Wednesday, March 02, 2005

Layering Principles

Martin Fowler reports on a workshop in which people ("a good group of people, [but] it was hardly a definitive source of enterprise development expertise") vote on principles for software layering.

Some people take this exercise seriously. JohnLim describes the result of the vote as "excellent guidelines", while Paul Gielens adds his own vote. Others are more critical, including David Anderson and Rob Diana.

To my mind, even if you could collect up the most experienced people in the software world, I distrust the idea that you could get a coherent and meaningful set of architectural principles from a vote.

Architectural principles must come from reflective practice and/or grounded theory.
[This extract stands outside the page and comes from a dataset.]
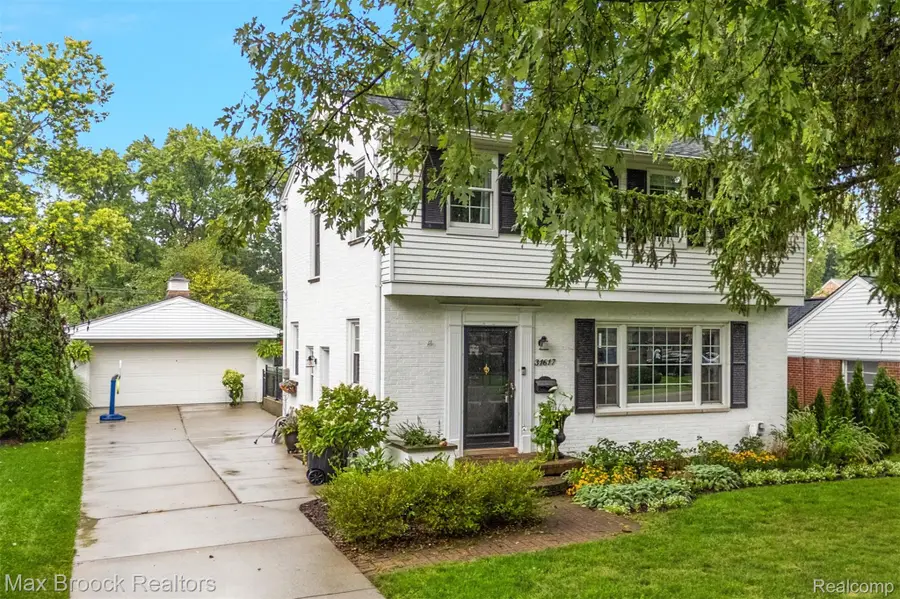 31617 Auburn Drive, Beverly Hills, MI 48025 - #2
For example, I can derive layering from a differential theory of change, as follows.

Purpose What is layering supposed to achieve?
A well-layered artefact or system is more adaptable, because some types of variation can be accommodated within one layer without significantly affecting adjacent layers.
Form What is the underlying structure of layering?
Boundaries between layers represent step changes with respect to some form of variation, from some perspective, such as
  • Differential change over time
  • A split between relatively homogeneous and relatively heterogeneous
Process How do layers get established?
Layers emerge from an evolutionary process, in which a series of small alterations affect the architectural properties of a system or (often unplanned and unremarked by the so-called architects).
  • Redundant layers (where there is insufficient difference in variation between two adjacent layers) tend to gradually fuse together. Flexibility that is not used or exercised will attenuate. Engineers under time pressure will take shortcuts that compromise the official separation between layers.
  • Where there is excessive differentiation within a single layer, this will tend to split apart, initially in an incoherent way.
Material What is the source of a particular layering?
Layering comes from the experience of variation.